Religion and religious conflict have long been part of Nigerian politics and public life. In the 1950s, while Nigeria remained under British rule, Islamic personal law, Sharia, was incorporated into the country’s legal system. In the late 1960s, religion was one factor in the internal conflict that eventually erupted into the Biafra war (1967-1970), which killed as many as 600,000 people.

Since the mid-1980s, however, tension between Christians and Muslims has become an even more consistent feature of Nigerian politics. In 1986, the country’s then Muslim military ruler made Nigeria a member of the Organization of the Islamic Conference, provoking an immediate outcry from many Christians, who objected to the implication that Nigeria was an officially Islamic country. In response, Nigerian Christians began to push the government to establish formal diplomatic relations with the state of Israel, which occurred in the early 1990s.
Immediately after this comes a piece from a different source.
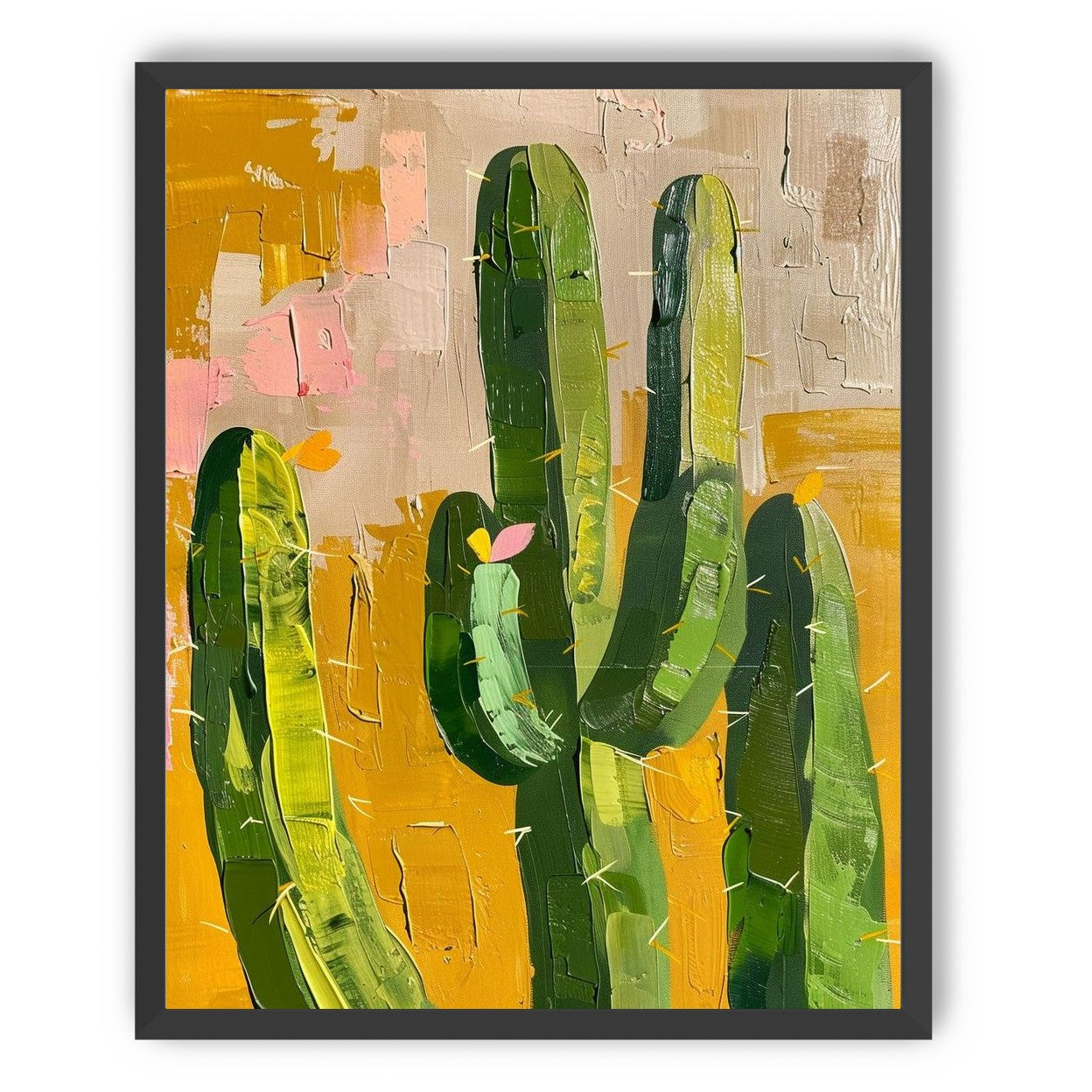 Cactus forms within ochre field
During President Obasanjo’s rule, Christian-Muslim tensions have deepened. Shortly after Obasanjo took office in 1999, states in the country’s northern half began to apply Sharia to criminal cases, provoking considerable insecurity and hostility on the part of Christians. Twelve states in the predominately Muslim north have established some form of Sharia. At the same time, many Christian churches, including independent evangelical and pentecostal churches as well as mainline denominations such as the Catholic and Anglican churches, have stepped up evangelistic and missionary efforts in Nigeria’s middle and northern states, further increasing tensions. Since 2001, incidents of Christian-Muslim violence have become both more frequent and bloodier. (For an historical overview of Nigeria’s religious groups see Historical Overview of Pentecostalism in Nigeria.)
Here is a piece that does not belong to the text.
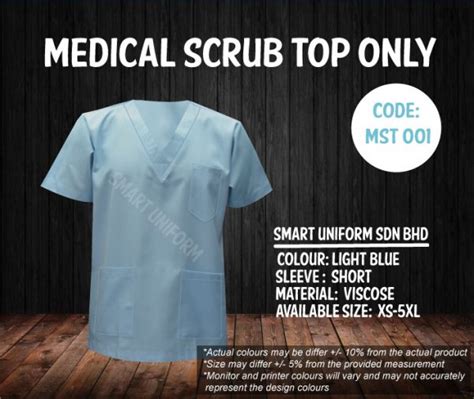 Mst 001 Ready Stock Medical Scrub Top Only Light Blue Smart Uniform Malaysia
Of course, religion is not the only divisive factor operating in Nigeria. The country’s oil wealth, which accounts for about three-quarters of the government’s revenues, is a potent fuel for both contention and corruption. Although the country’s oil earnings total more than $500 billion, more than a third of the population lives in what the World Bank terms “extreme poverty.” Most of the oil comes from the Niger delta, in the country’s south. In recent years, militias there have kidnapped foreign oil workers, attacked pipelines and engaged in battles with soldiers and police. Oil also accounts for part of Nigeria’s importance to the United States. Nigeria supplies about 9% of American crude imports, and steady production depends in part on political stability.

Still, whoever wins the presidential election, religious faith is likely to continue to exert a powerful influence on the country’s public life. It will continue to do so for as long as Nigeria’s people say they are Christians or Muslims first, Nigerians second.

Notes

1Religious affiliation and the relative size of the Muslim and Christian populations in Nigeria remain such sensitive issues that the government chose not to ask about religion in the national census conducted in 2006, the first in 15 years. In this report, data on religious affiliation is drawn from the 2003 Demographic and Health Survey of Nigeria.